DSD @ Le Bourget



    JSF at Paris

19 June 2001

Main contenders, Boeing and Lockheed and the the US DoD's programme office took the opportunity to brief on their achievements so far and the way forward.

Major General Mike Hough, the DoD programme manager, praised both aircraft saying the X-32 (Boeing's offering) showed "spectacular handling", while the Lockheed Martin X35 "knocked them dead." According to Navy test pilots both carrier variants could be "taken out to the ship right now." He did not say which of the two competitors would win when the down select came in October this year.


Hough emphasised that the competition remained a 'winner take all' selection, but admitted that since the beginning of the programme several years ago the number of fighter aircraft builders had reduced to two and, given the size of the programme, political concerns that the loss of the contract might drive the looser to the wall might dictate a change.

He outlined the international nature of the programme, in which the United Kingdom is a 'level one' partner. Negotiations were in hand to bring Italy, The Netherlands and Turkey in board as 'level two' partners and Canada, Denmark and Norway as 'level three' partners.

He considered that the several reviews being carried out in the Pentagon as part of the Bush Administration's 'root and branch' review of US military programmes were seeing the worth of the JSF and was confident that the programme would survive.

Both manufacturers said they were very satisfied with the way the programme had validated their particular aircraft. Boeing's Mike Heinz said that the Boeing JSF team had provided the DoD Programme Office with sealed predictions of the X32 capabilities before the test flights began and had the results had remained within 1-2% of the predictions.

The Lockheed Martin Joint Strike Fighter team had proven its JSF concept by successfully flight-testing a demonstrator that was essentially identical to the aircraft the company planned for full-scale production, Lockheed Martin Aeronautics Company Executive Vice President and Joint Strike Fighter Programme Manager Tom Burbage told reporters.
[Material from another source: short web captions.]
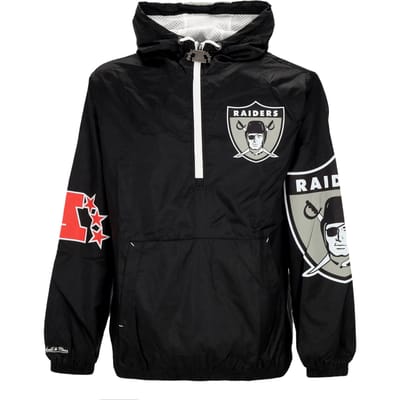 Pull-On Windbreaker Heren Nfl Team Og 2.0 Anorak Windbreaker Oakrai Originele Teamkleuren
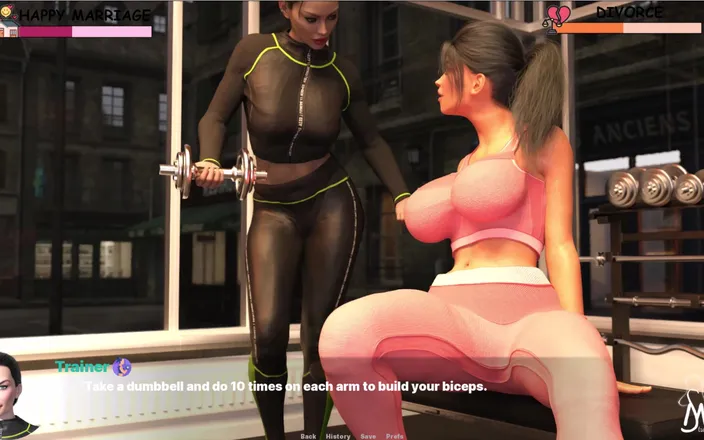 Snip Gameplay: Bored Wife 4 Ms Moore Was Bored and Went to the...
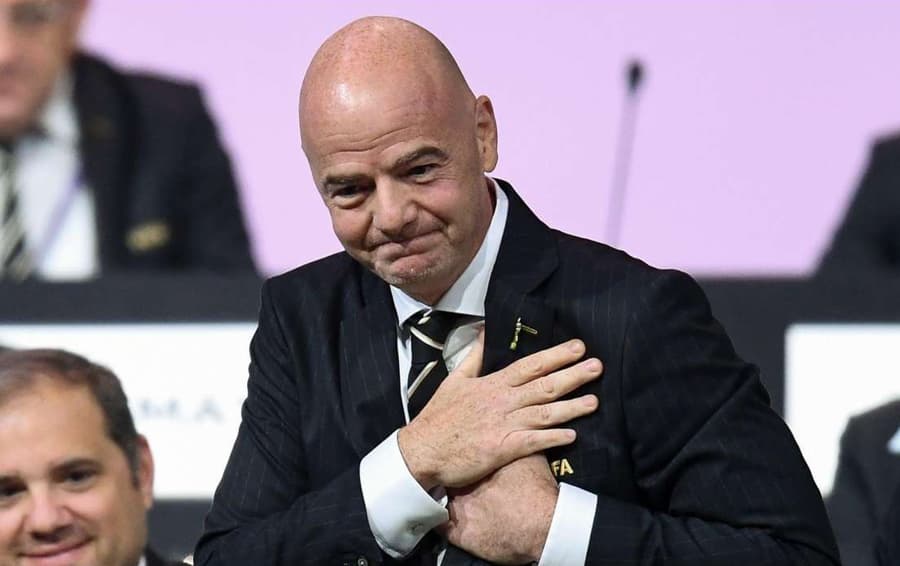 Soccer fans launch global petition urging FIFA boss Infantino to resign over World Cup 'betrayal'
"We chose this path to ensure that our entry into the engineering and manufacturing development phase of the programme is one of low technical risk," said Burbage. "Trying to predict an airplane's behavior through computer modelling and simulation, as sophisticated as it has become, still cannot provide all the data you need to drive down technical risk. If your ultimate goal is a low-risk JSF, you must actually fly a demonstrator that closely matches the airplane you intend to produce."